Chief Justice Warren E. Burger: But it is certainly an inference which any sophisticated businessman could have drawn?
Mr. Morton Moskin: If he knew the nature of the assets that were transferred from Provident to Foremost.
Chief Justice Warren E. Burger: That would not be necessarily inside information though, would it?
Mr. Morton Moskin: No, it would not.
Justice Lewis F. Powell: Mr. Moskin, if you were counsel to a corporation that had a 10% stockholder not represented on the Board, would you advise the corporation to make any information available to that 10% stockholder that was not available to all stockholders?
Mr. Morton Moskin: Not at this point in time, Your Honor, I would not.
Justice Lewis F. Powell: Not in light of 10 (b) (5)?
Mr. Morton Moskin: Not in light, but I would however, and have any number of times advised a client in that position that he had better not sell within six months of that purchase because if he did, it was my opinion and remains my opinion that he would be liable for any profit he realized..
Justice Lewis F. Powell: That is a different question entirely though, is it not?
Mr. Morton Moskin: A different question.
Justice Lewis F. Powell: Right, that is the question before us here?
Mr. Morton Moskin: It is indeed.
Justice Lewis F. Powell: I see.
Mr. Morton Moskin: I am not alone in contending that a construction other than the one for which I contend would destroy the effectiveness of the statute.
I think, I hope I have given you some examples to demonstrate that.
Justice Harry A. Blackmun: Mr. Moskin, was it not this entire transaction one for the primary benefit of Foremost in its convenience?
Mr. Morton Moskin: I think you are alluding to the fact that the negotiations resulted in securities rather than cash being transferred in exchange for the assets.
To that extent, that is true.
The transaction was, nevertheless, 100% voluntary.
There was no gun to the head of the respondent.
It was free to enter into this contract or not as it saw fit and moreover, it was free to wait six months before it sold.
And, as the Seventh Circuit said in the Bershad case, the responsibility under this statute rests with the fiduciary to structure the transaction in a way to avoid the prohibitions of the statute because the deterrent effect of the statute requires that one do that.
Justice Harry A. Blackmun: It is a little strange for the fiduciary relationship, however, to run the Foremost, is it not when it is --
Mr.
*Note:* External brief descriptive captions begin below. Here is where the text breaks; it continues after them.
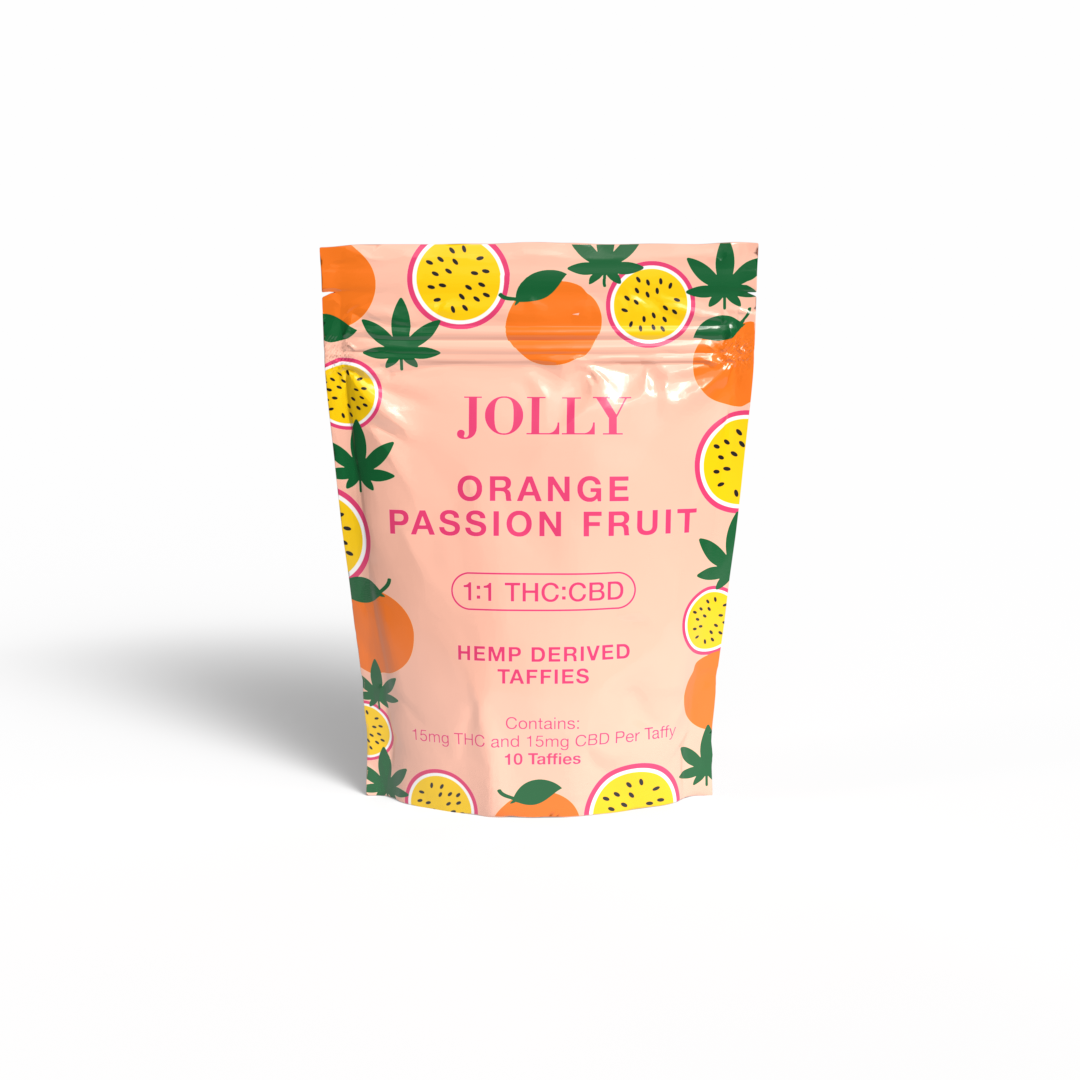 ORANGE PASSION FRUIT 15 COUNT TAFFIES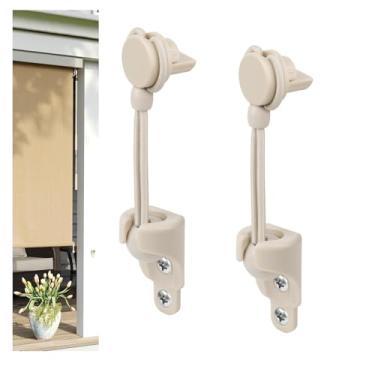 Imagem de Kit de peças de reposição para cortinas elásticas para persianas Coolaroo Sunshade Roller Outdoor (Begie 1 conjunto)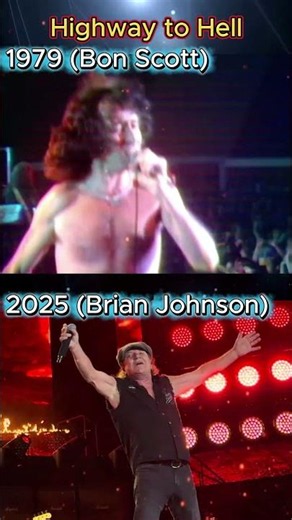 Highway to Hell 1979 (Bon Scott) vs 2025 (Brian Johnson) 🔥🎸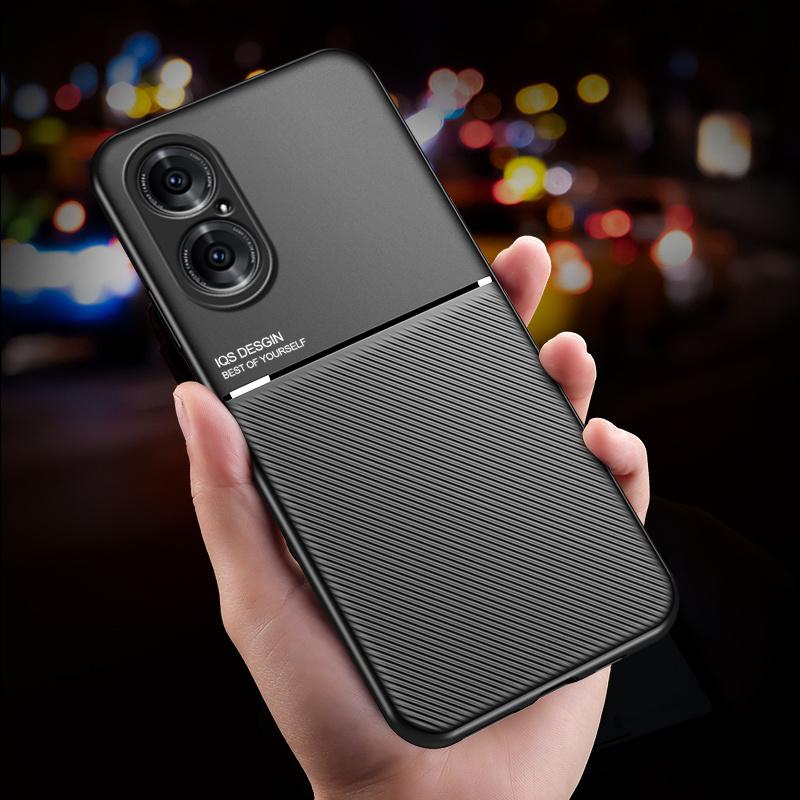 Чехол для Huawei P50 P 50 Pro, автомобильный магнитный держатель, кожаные текстурированные чехлы для телефонов для Huawei P50 Pro P50Pro, мягкий бампер, задняя крышка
Morton Moskin: No, I think not, Your Honor.
As a matter of fact, if you will look at the statutory language, the statutory language in respect of the profit says the profit shall inure to and be recoverable by the issuer.
It has been written and suggested, and you will find a reference to it in the American Standard case, that that word “inure” was intended to create a constructive trust for the benefit of the issuer and that ties right in with my contention that this is a presumed fiduciary relationship to which the statute addresses itself.
If you look at the alternatives, perhaps you are suggesting that this may be a windfall profit to the issuer, if that be so the alternative is to permit speculation in inside information within a six-month period by statutory insiders with impunity unless one can meet the evidentiary standards of Rule 10 (b) (5).
Justice Harry A. Blackmun: Well, I guess I am having the same trouble with some of the others indicated as to the source of the inside information here?
Mr. Morton Moskin: Let me say this that all of the history of the cases under the statute says that one presumes the misuse of inside information except in the so-called unorthodox transaction.
The unorthodox transaction test goes not to whether or not there was a profit or whether or not there was an abuse, but the Courts have said “we will look to the definition of purchase and sale in an unorthodox transaction” and conclude in two categories, I believe, of cases and I have analyzed them that we may not, under the pragmatic theory, find a purchase or a sale.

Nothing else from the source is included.